About this exercise: Your reply should consist of the entries, copied exactly and stripped of images.

Start of Supplied entries

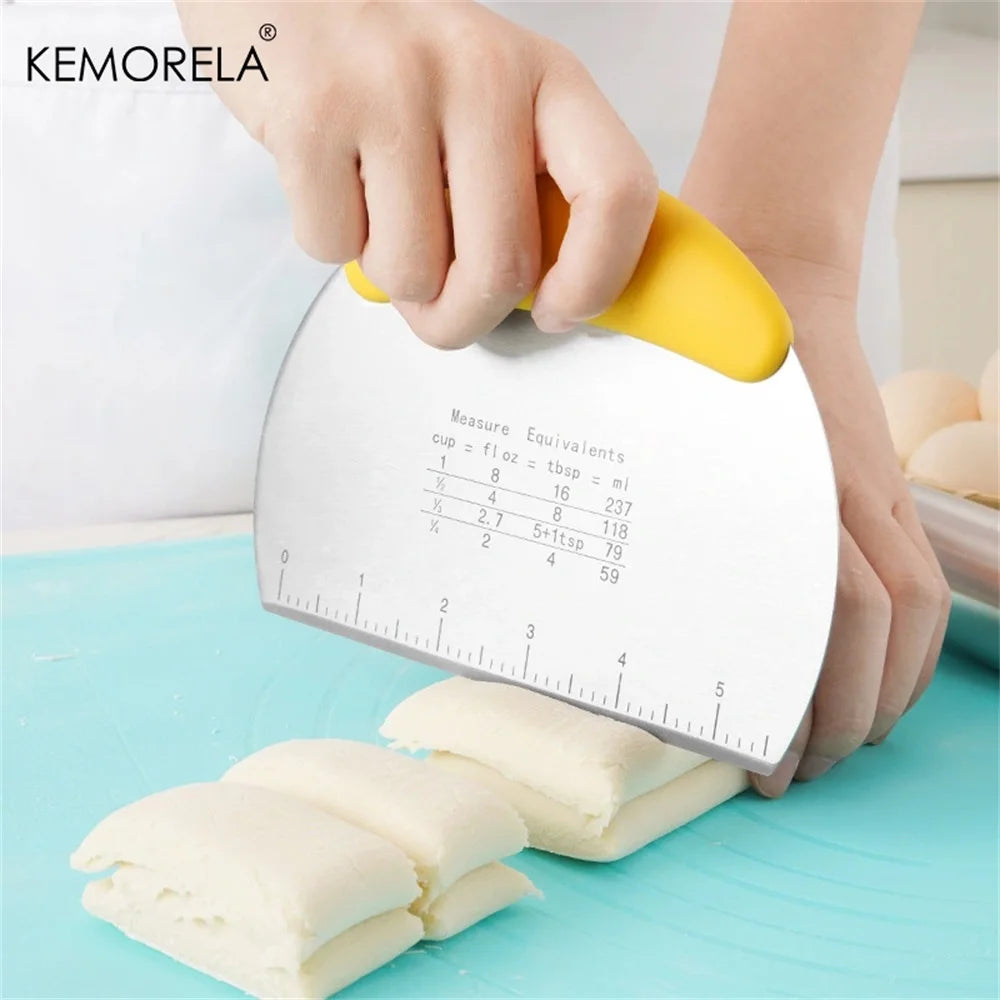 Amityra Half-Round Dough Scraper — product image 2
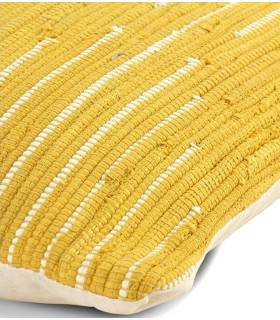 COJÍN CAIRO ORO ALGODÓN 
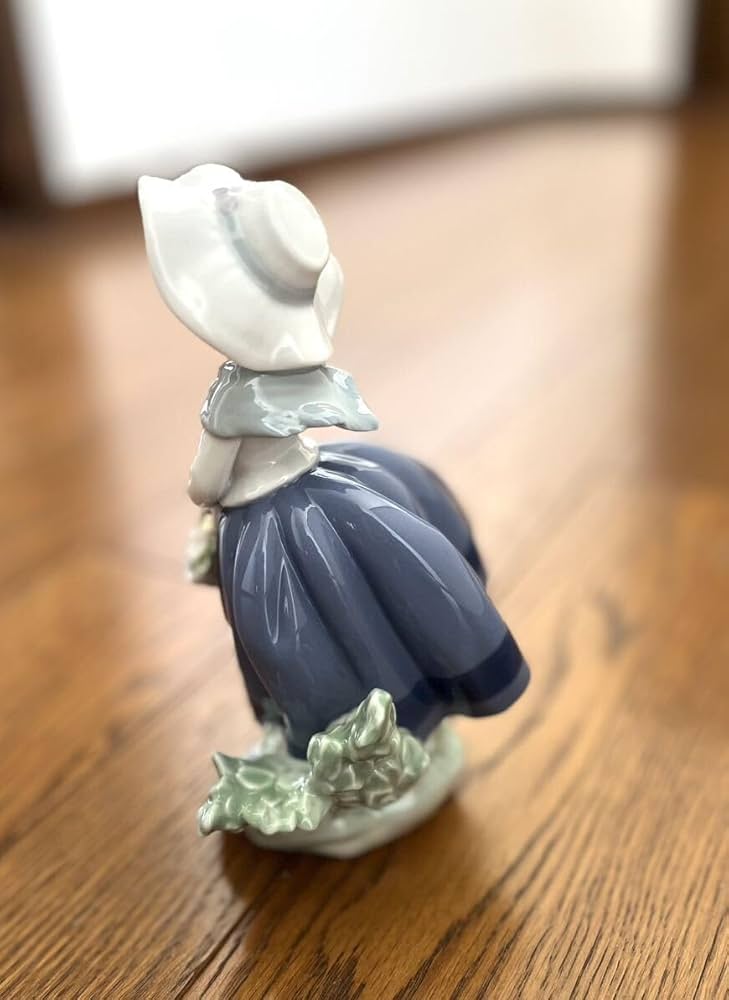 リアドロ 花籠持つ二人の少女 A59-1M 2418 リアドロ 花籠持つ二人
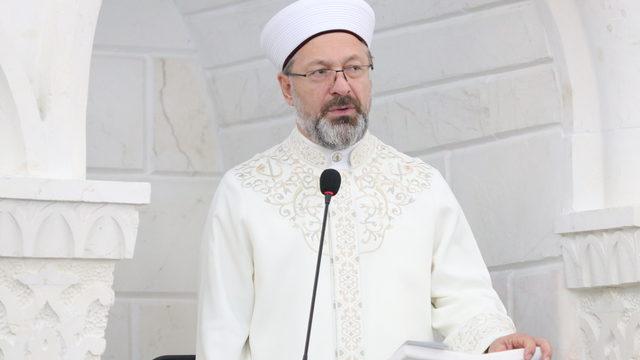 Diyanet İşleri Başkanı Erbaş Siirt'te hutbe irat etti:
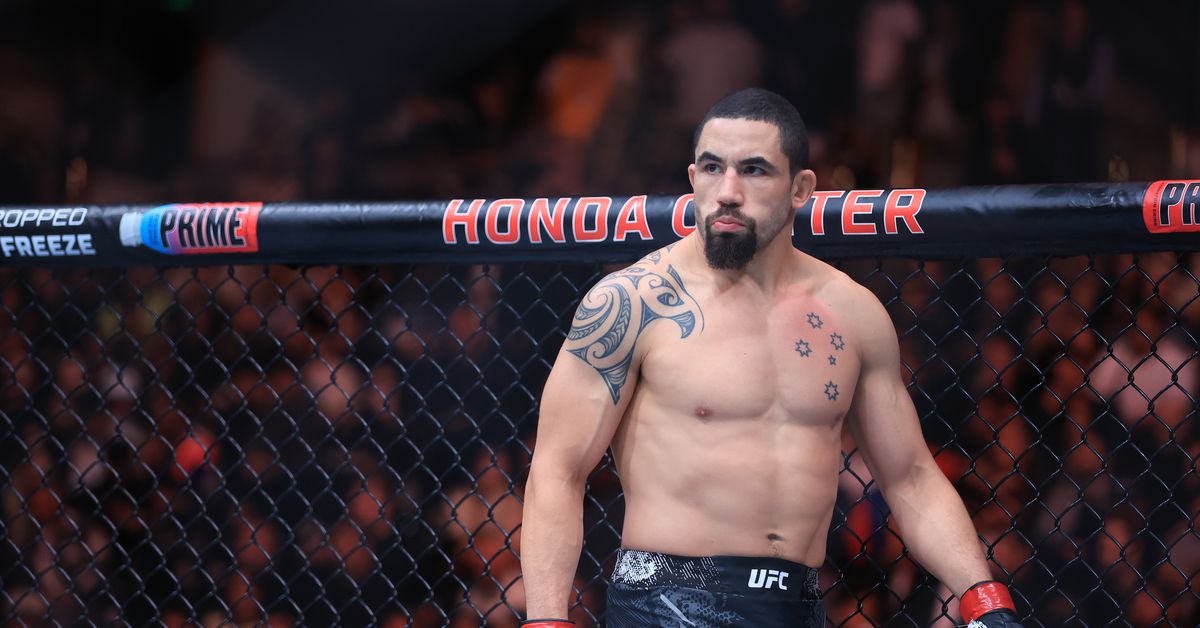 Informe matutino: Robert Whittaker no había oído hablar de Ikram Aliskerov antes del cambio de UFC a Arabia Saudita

End of Supplied entries

Result of the exercise:
 Amityra Half-Round Dough Scraper — product image 2
 COJÍN CAIRO ORO ALGODÓN 
 リアドロ 花籠持つ二人の少女 A59-1M 2418 リアドロ 花籠持つ二人
 Diyanet İşleri Başkanı Erbaş Siirt'te hutbe irat etti:
 Informe matutino: Robert Whittaker no había oído hablar de Ikram Aliskerov antes del cambio de UFC a Arabia Saudita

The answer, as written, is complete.